New balls please.
Those three words -- racy, if your mind is in the gutter -- anchored an ATP campaign launched back in 2000, designed to attract interest in men's tennis -- which was being overshadowed by the Williams sisters.
Classy? No. Effective? Definitely.
AP Photo/Pat Sullivan
Gambill had all kinds of potential, but potential doesn't always pan out.
Talk about two ships passing in the night.
Since that campaign, Federer has elbowed his way amongst the all-time greats, while Gambill's gone from "the future of American tennis" -- which Pete Sampras once called him -- to the No. 668-ranked player in the world.
A career full of promise was derailed by injuries: chronic back pain, followed by severe shin splints, followed by an ailing shoulder. With each new affliction, Gambill would overcompensate when playing matches, which inevitably caused a new injury.
Few things in sports are tougher to watch than a promising athlete being betrayed by his body. We saw it with Bill Walton, Ken Griffey Jr. and Grant Hill.
No one knows if Gambill was destined for greatness. But what is clear is that he was cruelly robbed of his chance to try.
The truly ironic thing about Gambill's injuries is that, at the height of his popularity, no one in his sport appeared to have a better body to work with. At 6-3 and 200 pounds, Gambill was the Matthew McConaughey of tennis -- ripped and perpetually shirtless.

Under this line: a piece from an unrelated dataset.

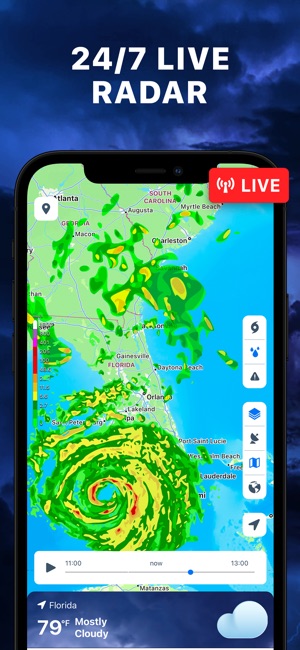 Screenshot of Storm Tracker°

He had a contract with one of the top modeling agencies in the country. Sports Illustrated for Women included him in its swimsuit issue. And People named him to its "50 Most Beautiful" list.
But Gambill was more than just guy-candy. He was a very good player.

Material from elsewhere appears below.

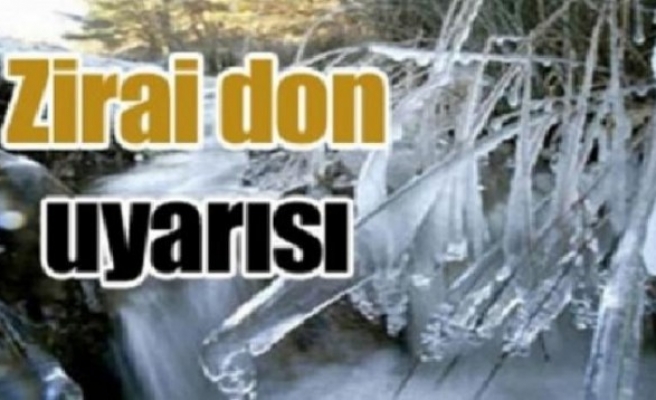 Batı Karadeniz için zirai don uyarısı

Utilizing a booming serve and excellent court movement, Gambill won three singles titles and five doubles titles, reaching No. 14 in the world rankings and beating some of the game's greats along the way -- including Sampras, Andre Agassi and even his "Balls" mate Federer.
Between his good looks and rapidly improving game, Gambill should've become one of the most sought-after athletes in the country. But as an old college friend once told me, potential rain don't grow no crop. And so today the 29-year-old is trying to find a place in a sport that has since moved on without him.

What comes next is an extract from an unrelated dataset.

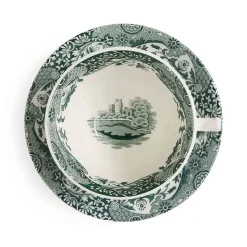 Spode Teacups & Saucers|Green Italian Teacup & Saucer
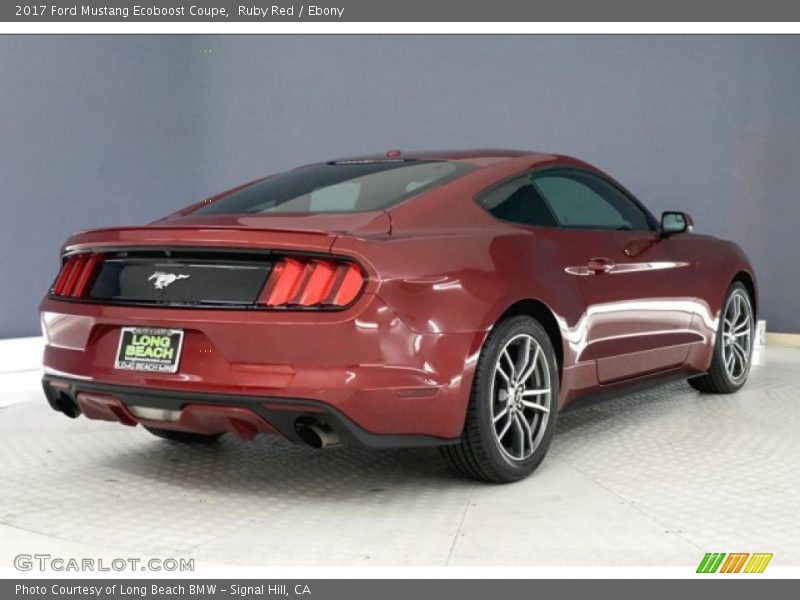 Ruby Red / Ebony 2017 Ford Mustang Ecoboost Coupe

"I'm not bitter," Gambill says. "I have nothing to be bitter about. Tennis has been very good to me. I mean, sometimes I think about what could've been, but you can't spend too much time thinking about that because that's in the past.
"Climbing back to where I was will be difficult. I have to be able to go and grind just like I did when I first started. The question is, is my game there? I believe my game is, but at the same time I have to prove it. And it's been hard."
This past weekend Gambill lost in the opening round of the U.S. Clay Court Tennis Championships in Houston. He also lost in the first round of his previous event. Gambill only played in three singles tournaments in 2006, and he was forced to retire due to injury in two of them.
With a game more suited for grass and hard courts, Gambill plans to skip the heart of the clay season in favor of rest and preparation. He'll also use this time to work at the Gambill Tennis Academy, which he founded with his father and coach, Chuck, in Hawaii. Since turning pro in 1996, Gambill has earned over $3.6 million, but most of that came during the good times. In tennis, if you don't win, you don't make much -- and if you don't play, you don't make anything. Between singles and doubles, Gambill's made only $11,350 this season. So his tennis academy not only allows him to pass along his knowledge, it also help pays the bills.
"The school is something I wanted to do after I got done playing," Gambill said. "I didn't think I'd be looking at the end of my career like this, but who does?
"The strange thing for me is I was going to the gym two hours a day to make sure those things didn't happen to me. But I've done a lot and have seen a lot of the world. So if this is the way it's supposed to go, then that's the way it goes."
Gambill has a lot of peace about where he is right now. But I'll always be restless at the thought of where he could be.